3. Strategy Correlations Matter – Closely monitor the correlations of your strategies. In his opinion, multi-strategy portfolios often have strategies that are more correlated than the trader believes. If in fact your strategies are not highly correlated you again potentially have something special. Ray Dalio (whose best-selling book Principles is must reading) has stated on numerous occasions that having a number of uncorrelated strategies together in one portfolio is one of the greatest ways to build a superior portfolio.
4. It’s Better to Go Deeper than Broader – I found this one particularly interesting. In Muller’s opinion, if one had to choose between adding more strategies, or adding more trades to an already strong strategy, he feels the latter is better. Again his concern is that the additional strategies may be too correlated to the existing strategy and it’s likely easier to find more high quality trading opportunities with the existing strategy than to find a new high performing uncorrelated strategy.
In our own observations, we have seen improved Sharpe Ratios when we tested combining low-correlated strategies (as Dalio suggests). Until reading Peter Muller’s interview though, we’ve never considered looking for ways to add additional high-quality trades to strategies with high Sharpe Ratio’s. We’re looking forward to pursuing this further, especially because the idea came from Muller and it’s potentially highly scalable.

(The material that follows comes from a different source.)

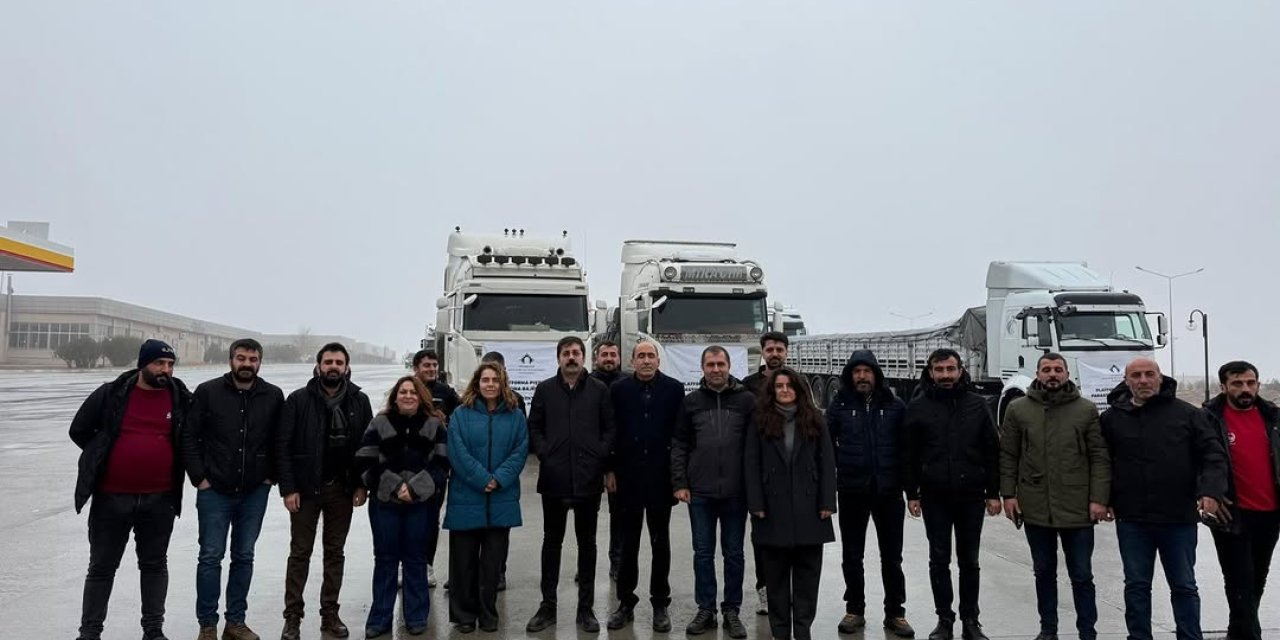 Kobanê’ye giden 25 tırlık insani yardım konvoyu Suruç’ta engellendi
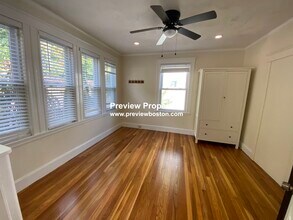 60 Kenrick St, Unit P in Boston, MA - Building Photo - Building Photo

Obviously when an individual who oversees one of the greatest proprietary trading firms in history provides insights, it’s worth a lot. The Sharpe Ratio is not the only metric available to measure the quality of a portfolio but it remains one of the most important.
– Things to avoid include correlated strategies.
– Things to pursue include finding more high-quality trades with existing high SharpeRatio Strategies.
– Measure your strategy correlations, especially during the periods of market stress; for example, 2008, August 2011, the fourth quarter of 2015, and February 2018. Did your strategies’ correlations rise during those periods? If they did not, that’s a good sign.
– I’ll add another piece of analysis you can look at to see how your portfolio did during times of stress. Look at the down months in SPXTR (the S&P 500 Total Return Index). Did your portfolio also lose money those months (and were the downside moves especially large)? If it did, you may want to include an additional uncorrelated strategy which tends to smooth returns during times of stress.
– The other area to pursue according to Peter Muller is to take a high Sharpe Ratio strategy and see if you can increase it’s trading frequency with additional high-quality trades. This may increase your Sharpe Ratio, and it may also increase your overall returns.
I hope you enjoyed this issue of the Connors Research Trading Journal. Enjoy your trading!